> **TASK MATERIAL**:
___
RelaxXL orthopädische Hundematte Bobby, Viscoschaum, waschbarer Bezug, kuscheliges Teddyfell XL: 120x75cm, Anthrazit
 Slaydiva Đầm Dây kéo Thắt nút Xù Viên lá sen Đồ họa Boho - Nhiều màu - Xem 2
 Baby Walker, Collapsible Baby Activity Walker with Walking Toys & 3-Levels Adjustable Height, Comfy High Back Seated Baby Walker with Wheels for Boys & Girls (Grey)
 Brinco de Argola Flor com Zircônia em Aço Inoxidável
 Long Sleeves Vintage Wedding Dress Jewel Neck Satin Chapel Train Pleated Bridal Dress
___
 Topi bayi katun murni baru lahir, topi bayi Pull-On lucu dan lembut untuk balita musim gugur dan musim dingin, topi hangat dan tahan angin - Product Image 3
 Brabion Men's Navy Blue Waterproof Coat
___
> **EXERCISE**: In the entries above, please find the line with "RelaxXL orthopädische Hundematte" and the line with "Long Sleeves Vintage", then write out exactly those two lines and every line between them, and nothing more.

> **SOLUTION**:
RelaxXL orthopädische Hundematte Bobby, Viscoschaum, waschbarer Bezug, kuscheliges Teddyfell XL: 120x75cm, Anthrazit
 Slaydiva Đầm Dây kéo Thắt nút Xù Viên lá sen Đồ họa Boho - Nhiều màu - Xem 2
 Baby Walker, Collapsible Baby Activity Walker with Walking Toys & 3-Levels Adjustable Height, Comfy High Back Seated Baby Walker with Wheels for Boys & Girls (Grey)
 Brinco de Argola Flor com Zircônia em Aço Inoxidável
 Long Sleeves Vintage Wedding Dress Jewel Neck Satin Chapel Train Pleated Bridal Dress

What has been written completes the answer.